Évoluer à une telle altitude est totalement inédit depuis notre dernière visite à Mexico City et aucun autre circuit du calendrier ne s’en rapproche. Sao Paulo était considéré comme une piste en « altitude », mais nous serons trois fois plus haut ! L’effet le plus évident concernera le turbo, qui sera poussé au-delà de ses limites habituelles de fonctionnement. La longue ligne droite sera éprouvante pour le MCI, notamment en raison de la vitesse élevée. Quand on y ajoute les virages lents et les contraintes du MGU-K, on obtient l’une des épreuves les plus dures à ce jour pour la nouvelle génération de Power Units.

Malgré ces défis, nous avons hâte de courir au Mexique. Nous avons vu une belle progression de la performance au cours des derniers rendez-vous, et en particulier à Austin où les Red Bull se sont battues pour la tête.
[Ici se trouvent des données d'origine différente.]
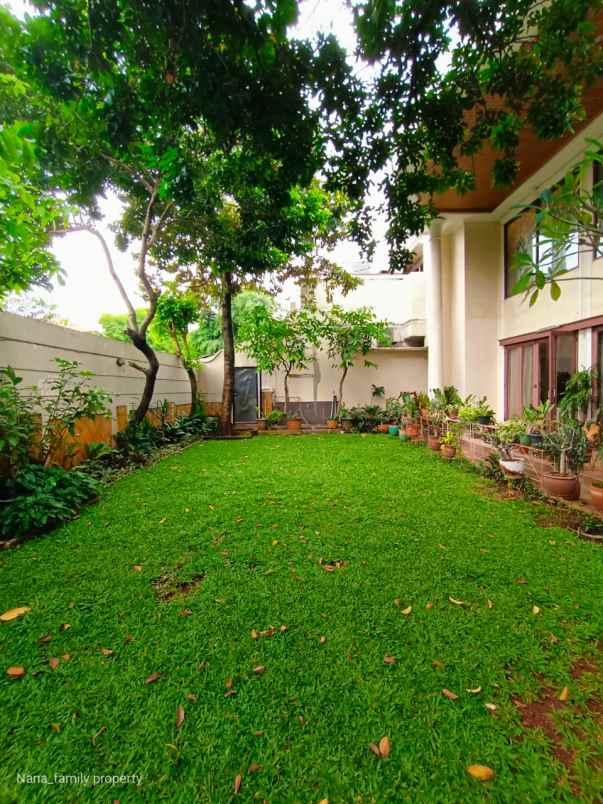 dijual rumah jalan raya cipete jakarta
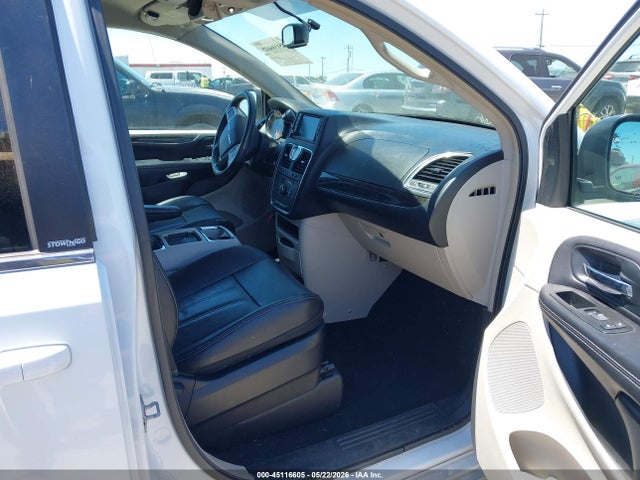 45116605 :رقم المزاد ، 2C4RC1BG0ER325954 vin ، 2014 Chrysler Town & Country Touring مزاد بيع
Avec un niveau stable de fiabilité, nous sommes en position favorable et confiants afin d’exploiter le potentiel démontré en seconde partie de saison.

Le saviez-vous… avec Total

Une fois retenue par Renault Sport F1 et homologuée par la FIA, chaque formulation de carburant F1 issue du Centre de Recherche Total (CReS) de Solaize, près de Lyon, est lancée en production à Givors par Total ACS sur des volumétries de 20 à 200 m3. Dès sa mise en fûts, numérotés et scellés de 50 à 200 litres, le carburant doit être acheminé sur les Grands Prix. Malgré de multiples contraintes (réglementations sécuritaires, douanières et commerciales) différentes selon les pays, les logisticiens de Total ACS sont condamnés au sans-faute, tout en veillant à l’intégrité au regard de sa composition homologuée de chaque formule livrée en temps et en heure dans les paddocks.